━━━ Input material ━━━

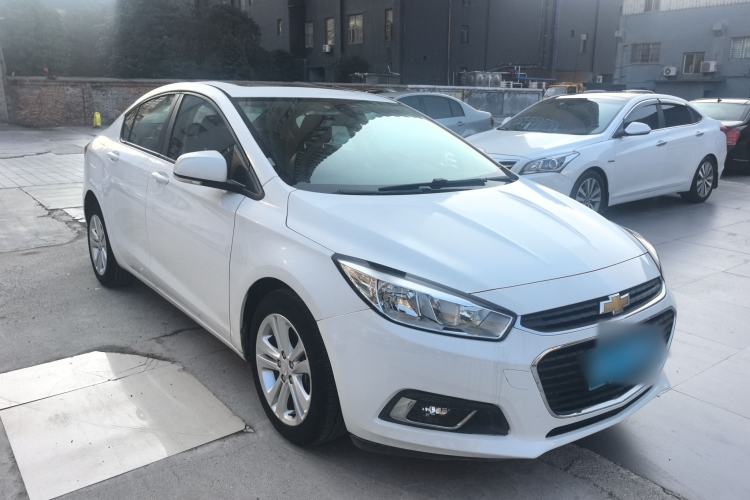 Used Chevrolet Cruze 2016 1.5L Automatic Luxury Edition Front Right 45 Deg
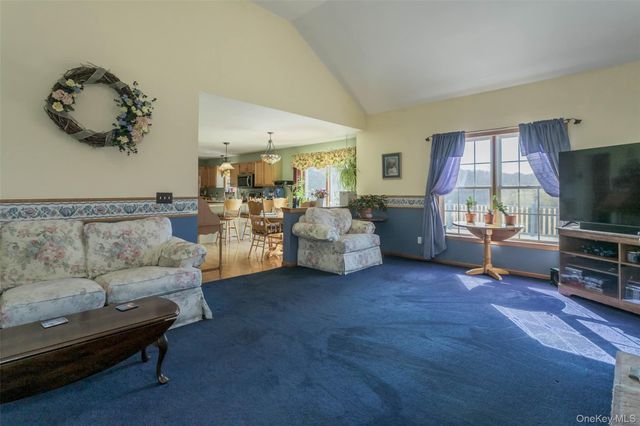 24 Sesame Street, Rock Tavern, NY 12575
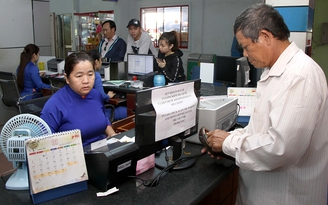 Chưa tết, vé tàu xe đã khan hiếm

━━━
━━━ Input material ━━━

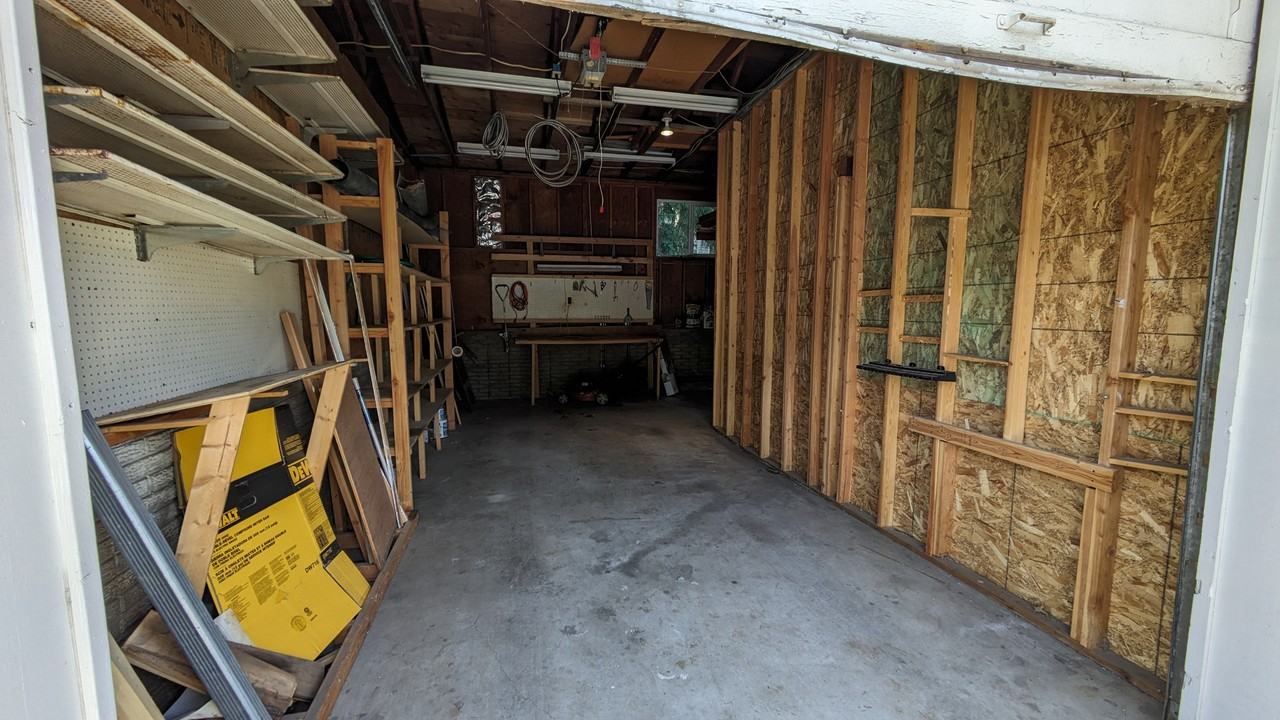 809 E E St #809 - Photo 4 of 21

━━━

Problem to solve | Starting at the line containing "Used Chevrolet Cruze" and finishing at the line containing "Chưa tết, vé tàu xe đã khan hiếm", return those lines exactly as they appear above, without the pictures.

Written solution |
 Used Chevrolet Cruze 2016 1.5L Automatic Luxury Edition Front Right 45 Deg
 24 Sesame Street, Rock Tavern, NY 12575
 Chưa tết, vé tàu xe đã khan hiếm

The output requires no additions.